While the FTC Act expressly exempts certain classes of persons from its coverage; 15 U.S.C. § 45 (a)(2); attorneys are not among those exempted. 15 U.S.C. § 45 (a)(2) (1981) provides: "The Commission is empowered and directed to prevent persons, partnerships, or corporations, except banks, savings and loan institutions described in section 57a (f) (3) of this title, common carriers subject to the Acts to regulate commerce, air carriers and foreign air carriers subject to the Federal Aviation Act of 1958 [49 U.S.C. § 1301 et seq.], and persons, partnerships, or corporations insofar as they are subject to the Packers and Stockyards Act, 1921, as amended [ 7 U.S.C. § 181 et seq.], except as provided in section 406(b) of said Act [ 7 U.S.C. § 227(a)], from using unfair methods of competition in or affecting commerce and unfair or deceptive acts or practices in or affecting commerce." In addition, the last session of Congress rejected a proposed amendment to the FTC Act which would have extended the list of exemptions to include state-regulated professionals.
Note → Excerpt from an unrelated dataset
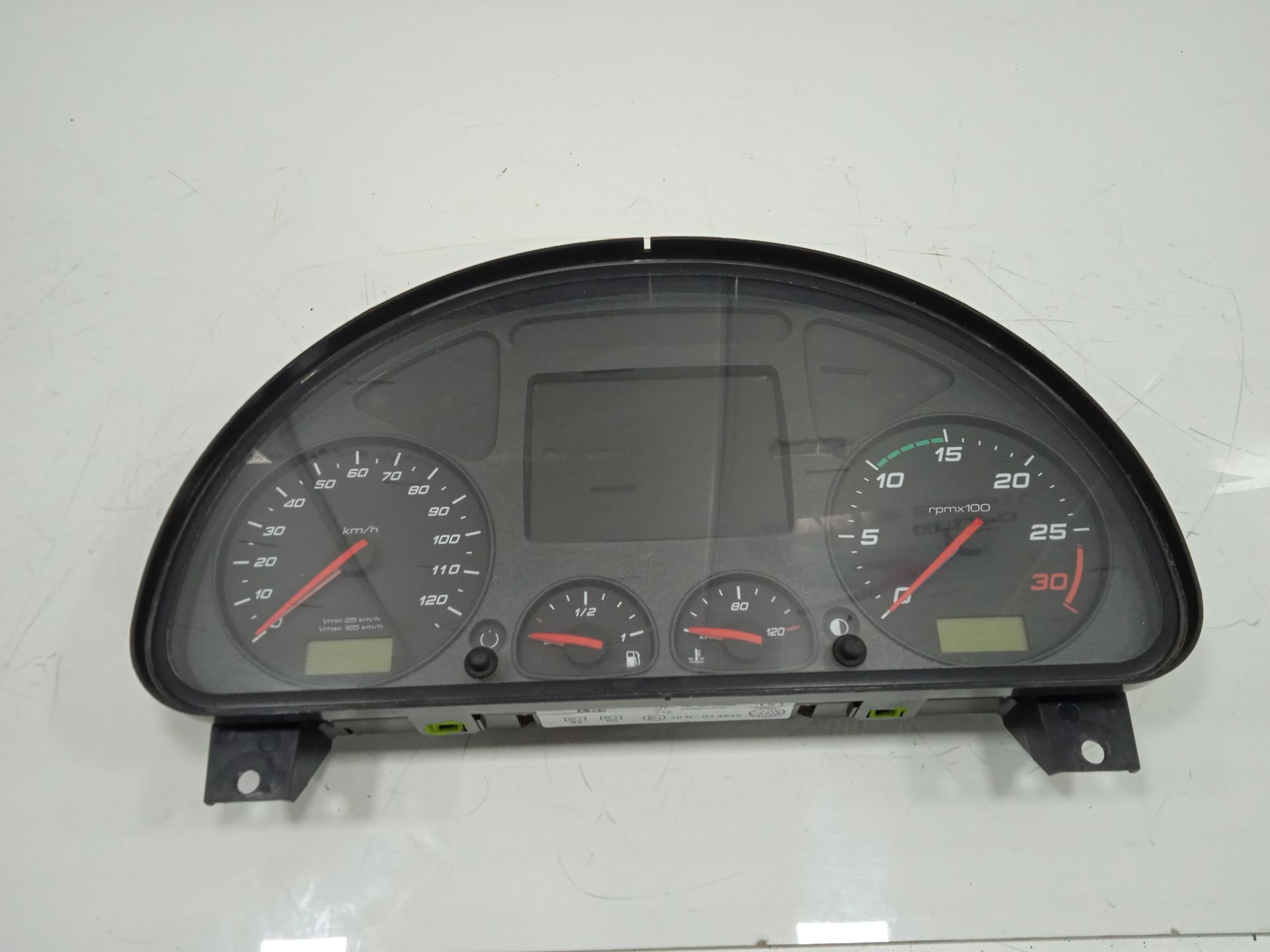 CUADRO INSTRUMENTOS IVECO STRALIS (AD/AT) FG AD T/P                    4x2 Tráfico urbano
S. 2499, 97th Cong., 2d Sess., 3(c) (1982). That statute, which was never enacted, would have provided: "(c) Section 5(a)(2) of the Federal Trade Commission Act (45 U.S.C. 45(a)(2)) is amended by inserting immediately after `except' the first time it appears the following: `practitioners of a profession whose members are licensed and regulated by a State as a condition of independent practice within the State, incorporated or unincorporated associations of State-regulated professionals.'"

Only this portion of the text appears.